Qu’est-ce que le type d’habitat EUNIS G1.1 en termes simples ?

G1.1 désigne des forêts alluviales naturelles à bois tendre le long des rivières et des fleuves dans les zones tempérées et boréales d’Europe. Elles sont constituées de saules et de peupliers, poussent sur des sols régulièrement inondés et riches en nutriments et sont classées « Near Threatened » sur la Liste rouge.

Pourquoi la forêt alluviale à bois tendre est-elle classée « Near Threatened » ?

Il figure sur la liste d’alerte parce que les dynamiques fluviales naturelles ont été largement détruites par les rectifications et les endiguements, que des ligneux exotiques et des plantes vivaces invasives repoussent les peuplements et qu’il ne reste que des surfaces relictuelles fragmentées.

Quels arbres sont typiques du type d’habitat G1.1 ?

La strate arborée est principalement marquée par Salix alba (saule blanc), Salix fragilis (saule fragile) et Populus nigra (peuplier noir).
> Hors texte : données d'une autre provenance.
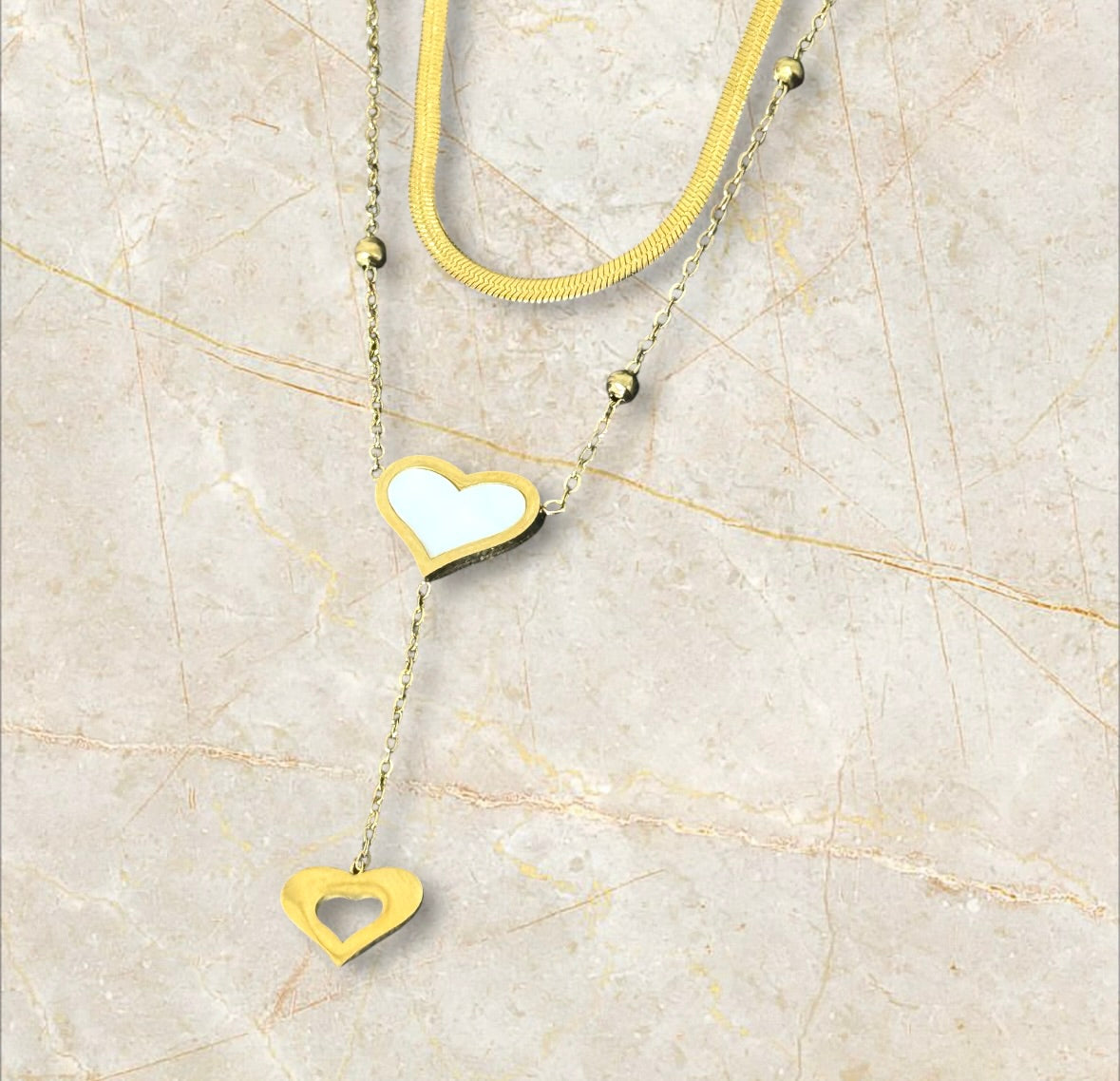 Collar de Doble Capa con Corazones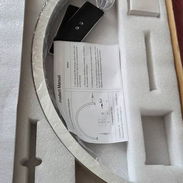 Vendo lámpara para mesa de uñas - Img 55598136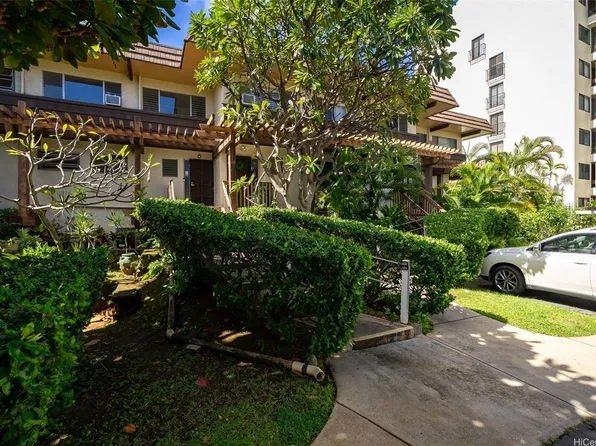 444 Lunalilo Home Rd APT 327, Honolulu, HI 96825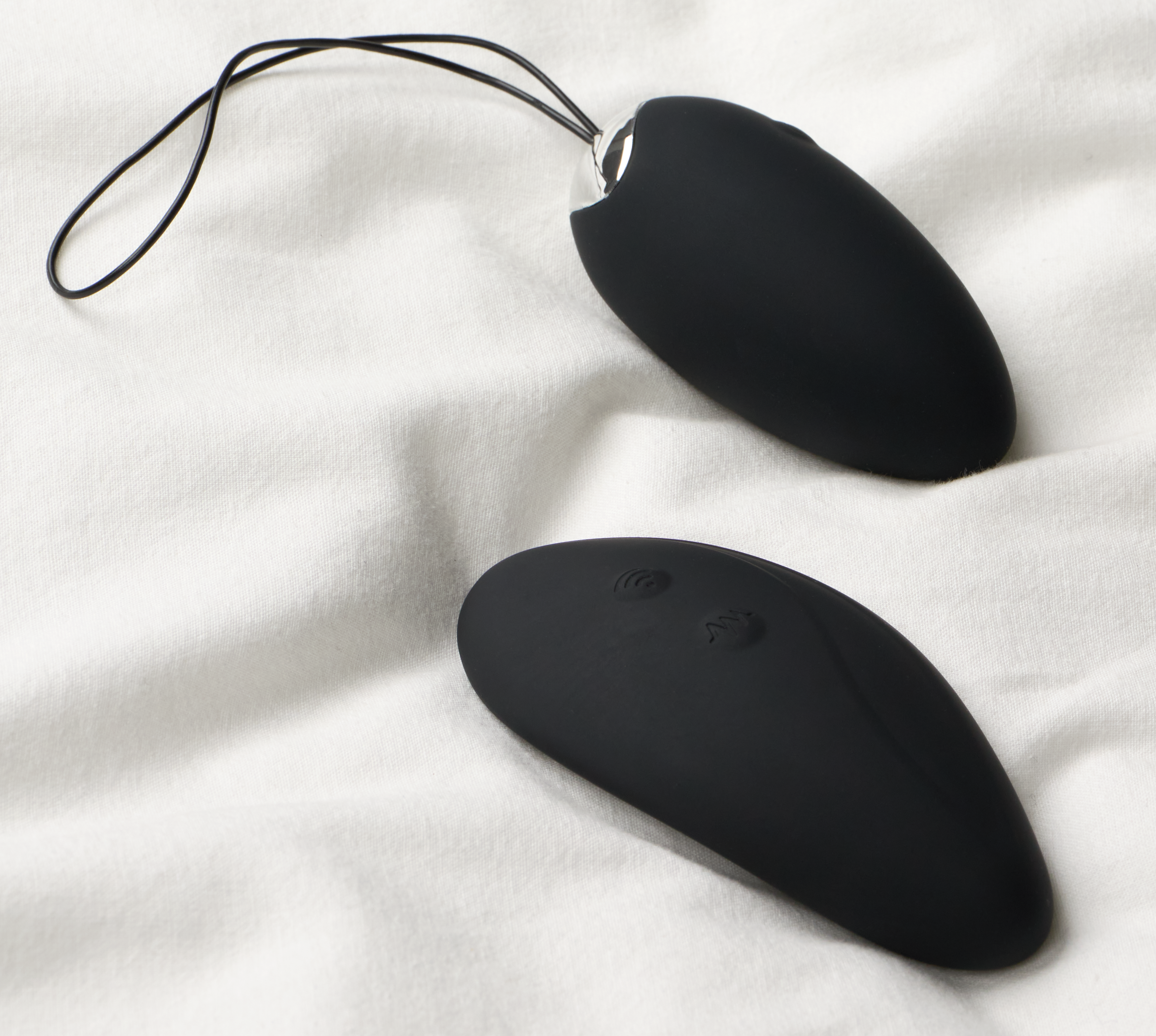 Black vibrator egg with wireless remote control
Le peuplier blanc subméditerranéen (Populus alba) peut également être présent. Les aulnes sont absents en tant qu’espèces dominantes, car ils relèvent d’un autre type de forêt alluviale.

Le type d’habitat est-il protégé par la directive Habitats-Faune-Flore ?

Indirectement oui. Les forêts alluviales à bois tendre sont comprises dans l’habitat prioritaire 91E0 (forêts alluviales à Alnus glutinosa et Fraxinus excelsior) pour autant qu’elles appartiennent à l’alliance Salicion albae. En outre, les forêts galeries à Salix alba et Populus alba sont recensées sous 92A0.

Puis-je aménager une telle forêt alluviale dans mon propre jardin ?

Pas dans toute son étendue, mais vous pouvez vous inspirer de la composition naturelle en espèces pour planter de manière naturelle les berges d’étangs de jardin ou les zones humides. Les saules indigènes, la ronce bleuâtre et la douce-amère sont de bonnes options. Le véritable type d’habitat exige cependant une dynamique fluviale libre et ne peut être reproduit dans un jardin de petite taille.